Is Tunisia’s Post-Arab Spring ‘Success Story’ Only Skin-Deep?

Is Tunisia’s Post-Arab Spring ‘Success Story’ Only Skin-Deep?
A woman attends a demonstration to celebrate Tunisia’s independence, Tunis, March 20, 2019 (AP photo by Hassene Dridi).

KASSERINE, Tunisia—The blast that claimed the life of Cherifa Hilali was likely meant for a soldier, not a civilian. One day in May 2016, Hilali, 40, was out picking rosemary on Mount Semmama, an area near the border with Algeria where Islamist extremists routinely battle Tunisian security forces, when a land mine detonated. The explosion killed her and another woman and left a third woman injured. “They were walking through a trail normally used by the military,” Hilali’s husband, Makki Hilali, told me when I met him in February.
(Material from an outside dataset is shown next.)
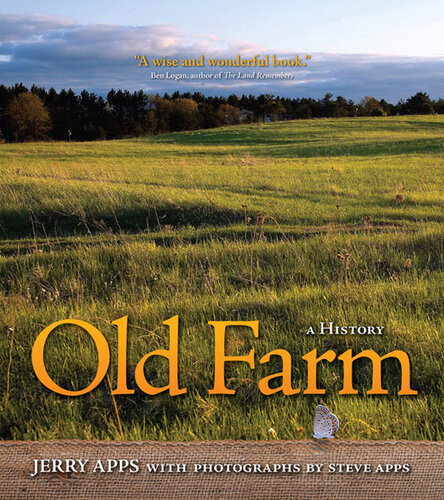 Old Farm A History Jerry Apps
Rising up from fields of olive trees and cacti, Mount Semmama has long been a source of livelihood for those living around it. It is covered in rosemary and other plants used to make essential oils, and local shepherds take their animals to graze in the highland areas. In recent years, however, the mountain has become a battleground in the conflict against Islamist armed groups that settled along the country’s porous border with Algeria in the aftermath of Tunisia’s 2011 uprising, which toppled President Zine El Abidine Ben Ali.

Though the insurgents have primarily hit state security forces, they are increasingly targeting civilians, including those they suspect of helping the army. The entire population must cope with the consequences of living in what is now a military zone. The lower hills of the mountains, once lush and green, have turned yellow because of artillery bombardments and the burning of vegetation by Tunisian forces trying to reduce the areas in which militants can hide.